China's Sun Yang reacts after the men's 1500m freestyle heats during the World Swimming Championships at the Sant Jordi arena in Barcelona in this August 3, 2013 file photo. REUTERS/Michael Dalder/Files

Sun was not injured in the Sunday afternoon accident in the eastern city of Hangzhou, the state-run Xinhua news agency reported.

Police have given him seven days of “administrative detention” - which means he will be held in a detention center - and an unspecified fine, Xinhua said, citing Hangzhou police. It provided no other details.

Olympic champion in London last year at the 400 and 1500 meter freestyle events, Sun had earlier taken to his Sina Weibo microblog to say sorry.

“I should have been a role model as an athlete and a public figure but I failed my responsibility,” he wrote on the popular Twitter-like platform.

“I am deeply sorry for what I have done and will reflect on my behavior. Because I have been focusing on training and competition, I had only a hazy knowledge of the law, which led to my mistake,” he added.

“After this incident, I will strengthened my knowledge and study of the law to prevent such a thing from happening again. I hope that everyone will take this as a warning and give me an opportunity to correct my mistake.”

Xinhua reported that Sun was driving a Porsche Cayenne SUV he said he had borrowed from a relative when a bus hit him from behind.

Hangzhou police then discovered he could not produce a driver’s license, the report added.

“After looking into the system, we did not find any record of his license. Sun admitted he did not have one,” an unnamed Hangzhou police officer was quoted as saying.

Sun shot to fame after becoming the first Chinese man to win an Olympic swimming gold medal, transforming him into one of the country’s most sought-after sportsmen.

While Sun, like other Olympic champions, is a popular sports figure in China, this is not the first time he has been in trouble, with Xinhua noting his “stained” personal life, including gossip about his love life and clashes with reporters.

In February he was suspended from all commercial activities for breaching a “series of team rules”. According to Xinhua, Sun had fallen out with his long-time coach Zhu Zhigen who felt the swimmer had too many commercial obligations.

“After a fallout with his coach, Sun is in the news again. Why was him again?” commented Chinese portal Sohu on its sports page. “A question mark is hanging over public figures - how should they behave themselves?”

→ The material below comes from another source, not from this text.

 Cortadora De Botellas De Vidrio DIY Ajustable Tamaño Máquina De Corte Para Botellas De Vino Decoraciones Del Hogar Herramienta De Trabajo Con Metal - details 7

How the country’s elite behave is a sensitive topic in China, where the government has been trying to fight public anger at the perception that the richer and more privileged a person is, the less likely it is they will be punished for breaking the law.

Reaction on Weibo, where Sun’s crash was the third most commented on topic on Monday, was broadly critical.

More than 4,000 people agreed on a Weibo poll that Sun should be punished, while 700 believed he should be let off.

“Stars should be treated like ordinary people by the law,” wrote one commenter.